2. Nur kurze Abfahrt nach Norden (nur wenige Höhenmeter!), dann quert man Richtung Osten; über einen Rücken und durch die Mulde ins gut sichtbare Tajatörl (2259m). Aus der linken Hälfte der Scharte (sie ist durch einen Felskopf getrennt) kann in einer knappen halben Stunde der Hintere Tajakopf (2408m) über seinen unschwierigen Südgrat bestiegen werden. Wer ins Brendlkar will, zielt meist in die rechte Hälfte der Scharte und fährt zuerst Richtung Nordosten ab. Dann dreht die Route nach Norden. Ohne Gegenanstiege kann man auf der linken Seite des Kares (im Abfahrtssinn) abfahren. Hier am Ende über eine Art Rampe hinunter zur Loipe, auf die man bei einem Rasthäusl („Ganghofers Rast“) trifft. Schöne Abfahrtsmöglichkeiten gibt es aber auch rechts im Kar, doch hat man hier einen querlaufenden Moränenrücken im Gegenanstieg zu bewältigen. So oder so auf der Loipe zur Piste und weiter wie oben beschrieben.

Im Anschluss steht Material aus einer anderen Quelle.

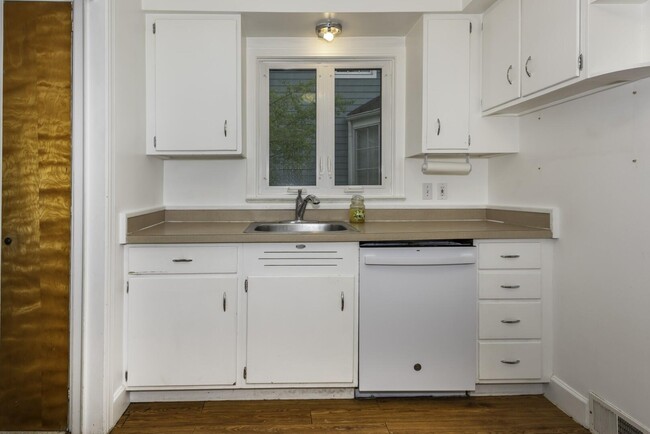 Building Photo - 1616 Morton Ave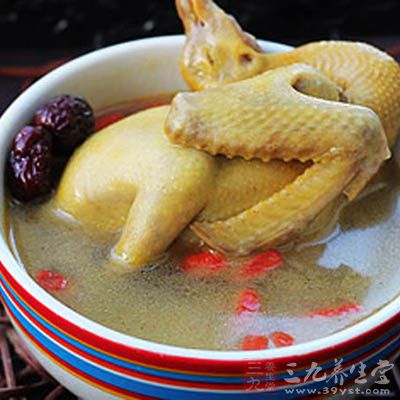 棗杞乳鴿湯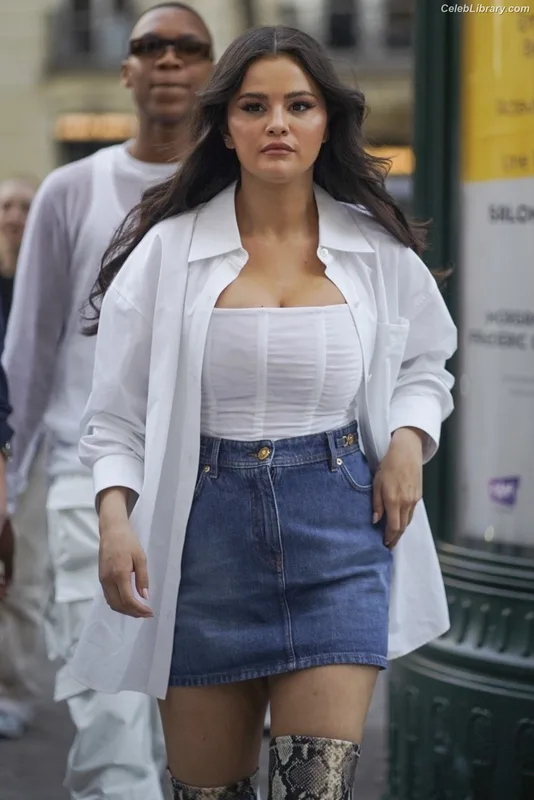 Selena Gomez photo 3 of 3523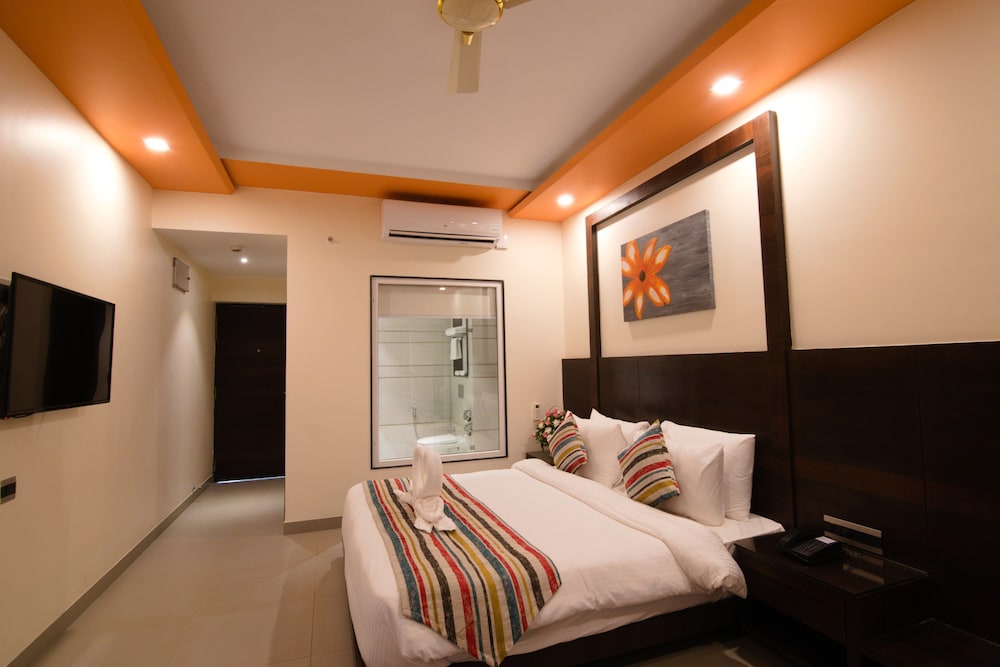 Regenta Central North Goa — Hotel rooms in Arpora, Goa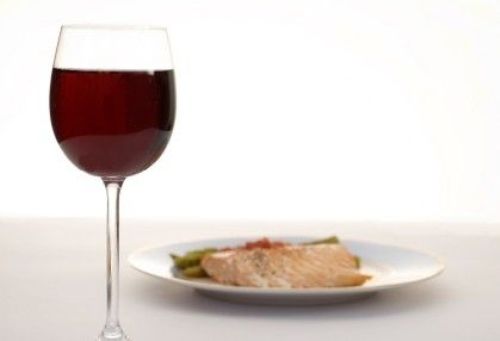 salmone e vino rosso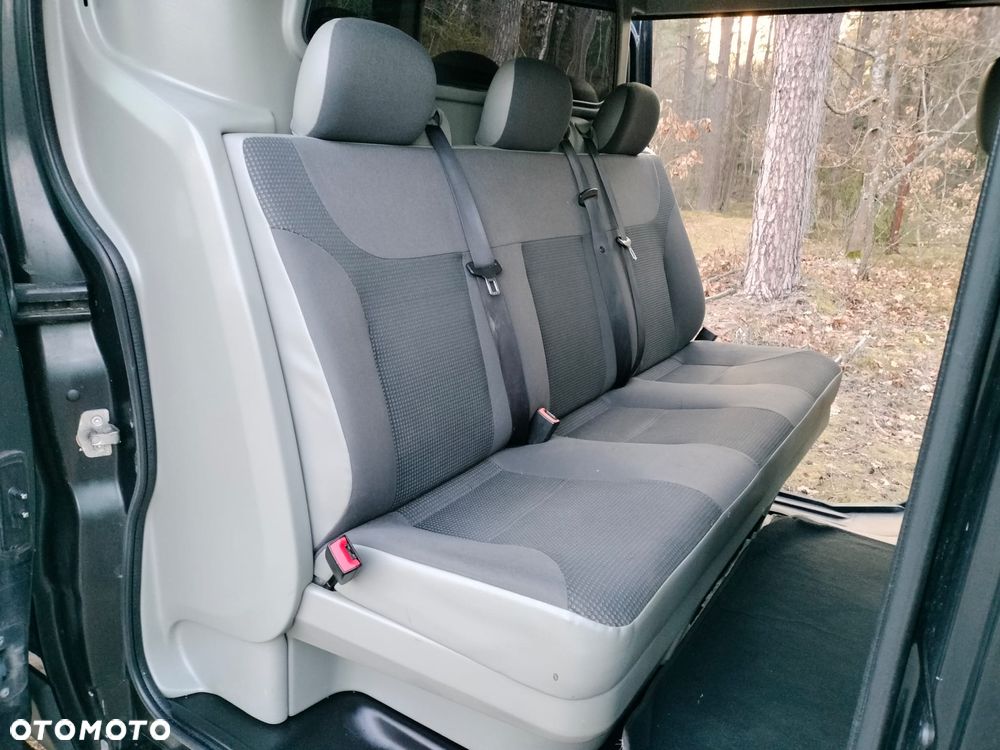 Opel vivaro - 27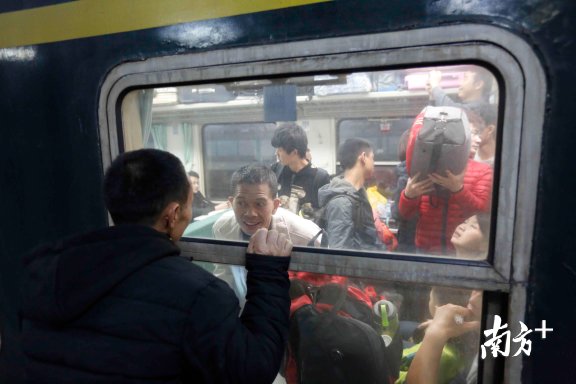 深圳春运首趟列车开出，2320名来深建设者启程返乡!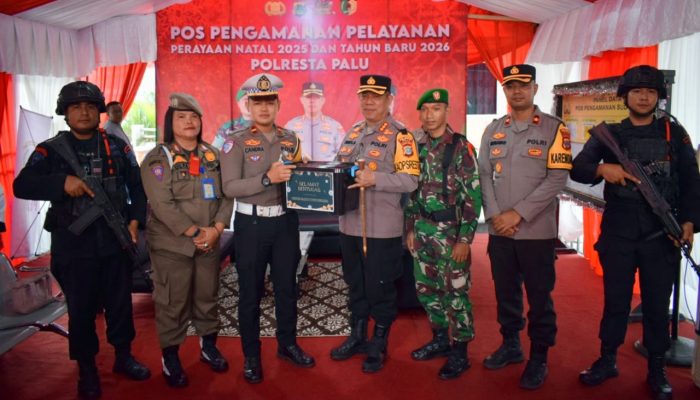 Kapolresta Palu Tinjau Pos Pengamanan Nataru, Pastikan Operasi Lilin Tinombala 2025 Berjalan Optimal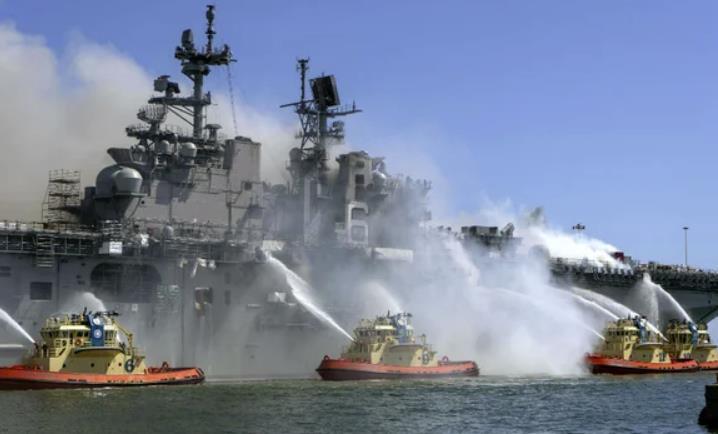 准航母|美国“准航母”起火时灭火系统没开 仅靠泼水救火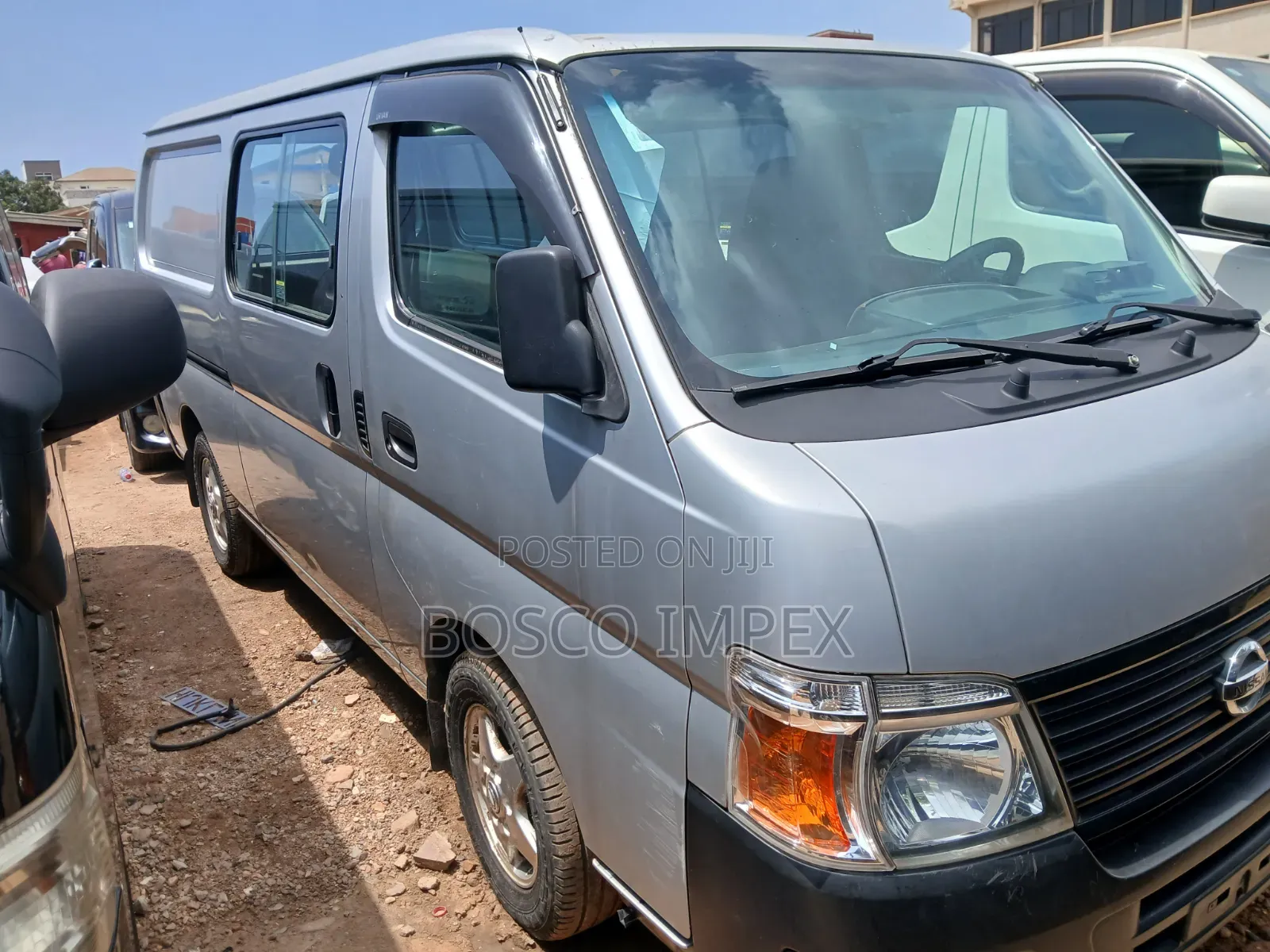 Nissan Caravan (Urvan) 2010 Silver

Rückkehr zum Ausgangspunkt: Mit einem bereitgestellten PKW oder mit dem Shuttle-Bus.
Charakter/Schwierigkeit:
Mittelschwere Skitour durch fantastische Kare, die meist eine ideale Steilheit von 30 bis 35 Grad aufweisen. Nur die Einfahrt von der Grünstein Scharte ins Drachenkar ist auf den ersten Metern etwas steiler, aber bei guten Verhältnissen sicher auch nicht dramatisch. Auch wenn die reinen Aufstiegsmeter auf dem Papier eher wenig erscheinen, sollte die Runde konditionell nicht unterschätzt werden (denn zurück ist soweit wie nach vorne!). Neben grandioser, dolomitenartiger Landschaft bietet die Tour ständig wechselnde Ausblicke und wegen der unterschiedlichen Expositionen im Frühjahr häufig Firn als auch Pulver.